8 posts tagged “christmas”
This was one of the worst two weeks for me, and this week stressed me out so much. I don’t smoke, but for those moments at work when I don’t want to end up on the CNN Breaking News ticker I keep an emergency pack of Marlboros. Those are all gone now. I went to work every day thinking my phone would ring at any time and I would be escorted out. My desk belongings are officially relegated to one drawer minus my desktop, and I haven’t slept. Finally yesterday one of my VPs advised us that HR confirmed there wouldn’t be any more layoffs before Jan. 1 guaranteed. I guess that should give me a breather, right? In a small way it does, but it still hasn’t settled the sinking pit in my heart and stomach. On top of that, I have hardly any work to do and had to go to my boss to tell her I needed more work. I don’t know if that was the right thing, but yesterday for the first time in weeks I was busy as hell, running my ass off on four deadlines and absolutely loving every second. I would rather be swamped with work than sitting at my computer trying to look busy for hours.

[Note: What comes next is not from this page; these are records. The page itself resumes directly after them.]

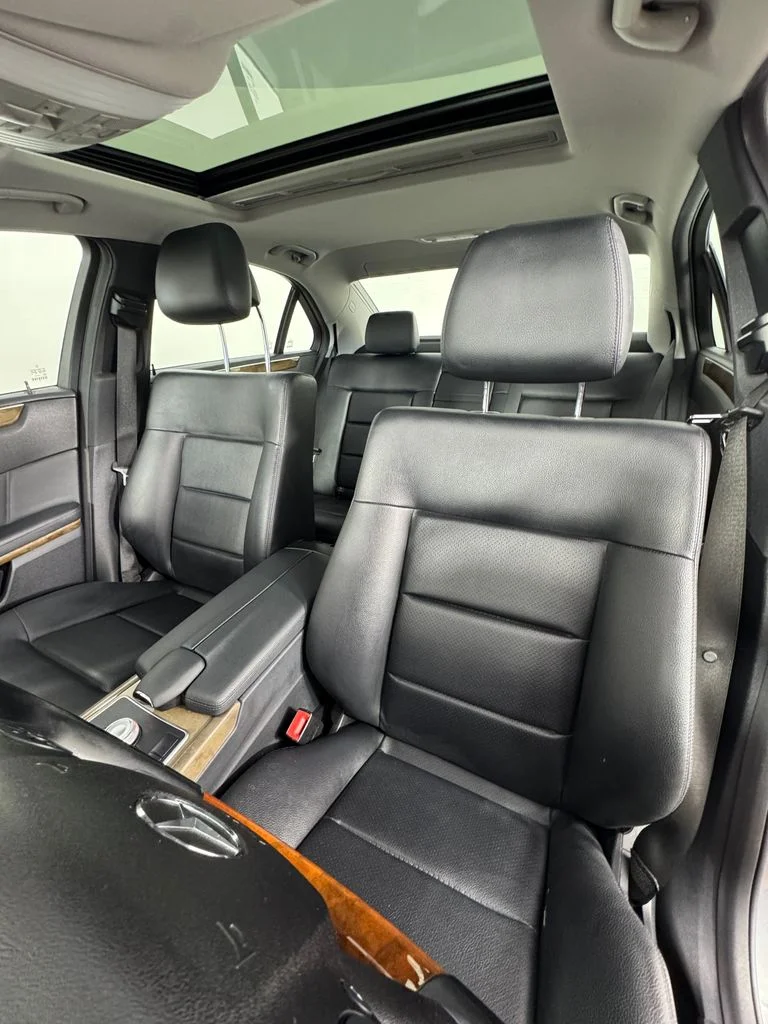 Used 2010 Iridium Silver Metallic Mercedes-Benz E 350 image 27
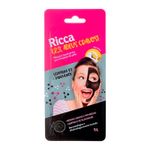 Mascara-Facial-Ricca-Limpeza-Pele-Preta-8g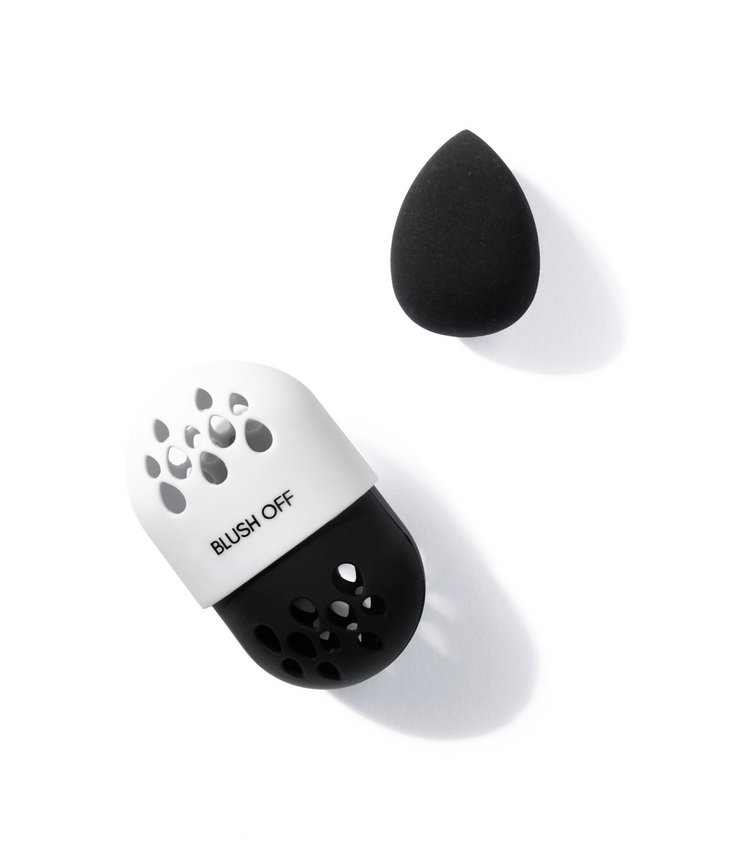 PRO Makeup Blender - Blush Off - Eco Friendly Makeup Remover - FREE EXPRESS SHIPPING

Budgetary concerns have hampered the SLS social life. I can spare the few bucks to hit the cheap watering hole, but that’s about it. One of my friends is in a band and playing at a popular bar tonight. I had every intention of going, but I took a nap in the afternoon and was so wiped out when I woke up to get ready I crapped out. The idea of having to drive to an area where parking is non existent in 20 degree weather with a small budget just wasn’t hitting me. I got close though. I showered, did hair and make-up and was ready to walk out the door with keys in hand when I made the mistake of sitting down to Mapquest something and could not get my tired, fat ass up. Off to McDonald’s I went and came back to watch a Jackass movie marathon on Comedy Central. How lame am I. (Don’t answer that!)
Being single without family I am faced with the first major holiday of the season after losing my mom in May, Thanksgiving. We were estranged for years, but her death really changed something in me. Not having a boyfriend means not having anyone. Of course I have friends, but I will never, ever ask any of them to have me over. I would stay home alone before I would ever beg anyone to include me. I’ve had so many friends ask me why I didn’t tell them I was alone and that they would’ve had me over. I’m not one to impose. Last year one of my girlfriends invited me to her house for Thanksgiving and I absolutely loved it. No invite this year. Other friends have plans. One my friends, who considers me his “fag hag”, texted me tonight to ask about my plans and insisted I come to his parents place. He has a large family, but they’re spread out across the country, so it’s just him, his parents, and his grandparents. Not sure how I feel about it, but I love this guy, and he’s taking pity on me even though he insists he isn’t and told me flat out I had plans with him. Have I mentioned how much being single sucks?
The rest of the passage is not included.